Хлебнули в ту зиму никитовцы лиха. За сеном, которое находилось в степи, — ни пройти ни проехать. Ветер с лешачьим гоготом сбивал людей с ног, обкручивал ледовой простынёй, а сверху наваливал сугроб снега. Всего несколько минут — и могила готова. Ледяная крупа просекала кожу насквозь, в порезах выступала кровь, и не было возможности хоть куда-то спрятаться от охлёстов — ветер ходил по круговой, стоило отвернуться от него, как он уже с другой стороны подкрадывался, злобно гоготал, стараясь залепить снегом рот, ноздри, глаза.
Вот и получалось, что есть корм для скота у никитовцев, и много его, — вон сколько заготовили на год, пожалуй, никогда ещё столько скирд не ставили, а скотина в хлеву голодная лежит, не поднимается, ревёт таким голосом, что у жалостливых баб даже руки от этого скорбного рёва холодеют, ноги подкашиваются. И, естественно, виноватым во всём этом был председатель, он, и больше никто. Это из-за него лютовала пурга и трещали морозы, досель незнакомые; рот невозможно было открыть в таком трескотуне, в считанные секунды обмерзали зубы, язык, нёбо, боль вышибала слёзы из глаз, намертво, склеивала ресницы. Председатель, и больше никто, виноват в этом. Он. И в том, что к скирдам никак не подобраться, что по самую макушку завалено сено снегом, — тоже он виноват.

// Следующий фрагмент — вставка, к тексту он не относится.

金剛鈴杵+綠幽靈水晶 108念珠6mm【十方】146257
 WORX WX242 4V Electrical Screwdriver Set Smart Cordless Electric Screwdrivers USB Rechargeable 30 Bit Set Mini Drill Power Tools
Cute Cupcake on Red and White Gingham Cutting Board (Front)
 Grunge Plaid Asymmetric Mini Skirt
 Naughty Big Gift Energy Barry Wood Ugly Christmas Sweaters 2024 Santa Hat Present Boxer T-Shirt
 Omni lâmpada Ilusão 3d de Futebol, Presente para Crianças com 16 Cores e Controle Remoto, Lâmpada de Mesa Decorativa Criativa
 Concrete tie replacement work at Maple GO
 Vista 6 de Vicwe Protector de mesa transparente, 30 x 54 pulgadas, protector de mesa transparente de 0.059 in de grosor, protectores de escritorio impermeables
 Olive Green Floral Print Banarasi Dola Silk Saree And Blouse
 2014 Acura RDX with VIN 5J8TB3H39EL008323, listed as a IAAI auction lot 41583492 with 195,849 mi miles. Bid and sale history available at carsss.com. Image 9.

Каждый день ругались, кляли никитовские бабы председателя, заодно проходились по адресу четырёх «г» — Гитлера, Геббельса, Гиммлера, Геринга. Поминали и других «г», живущих в Германии, сетовали, что дела на фронте не ахти как здорово обстоят: наши в декабре немца под Москвой отбросили малость назад и затихли — видать, трудно приходится мужикам, очень трудно, раз Гитлерюгу одолеть не могут. В общем, ругались бабы, костерили всех и вся. Потом затихали и расходились каждая по своим коровам — колхозный скот на зиму раздали по дворам, — дома приставляли лесенку к амбарам, крытым соломой — разоряли крыши, — наступил последний предел, солома коровам на корм шла.
Голод начал окружать никитовцев со всех сторон, будто фашист. Совсем в кольцо, пустоглазый, взял. То в одной деревне, — доходили до никитовцев слухи, — хлеб с картохой кончились, то в другой, то в третьей; ползла худая молва по снегам, по промороженным степным выбоинам, бередила людей, в страх вгоняла: а вдруг и с ними такое произойдёт? Зубы ведь на полку можно только в пословице класть, в жизни иначе — живым зубам работа нужна. Хотя страхи, может, преувеличены были, как и молва — сами никитовцы, например, пока держались, и могли ещё держаться.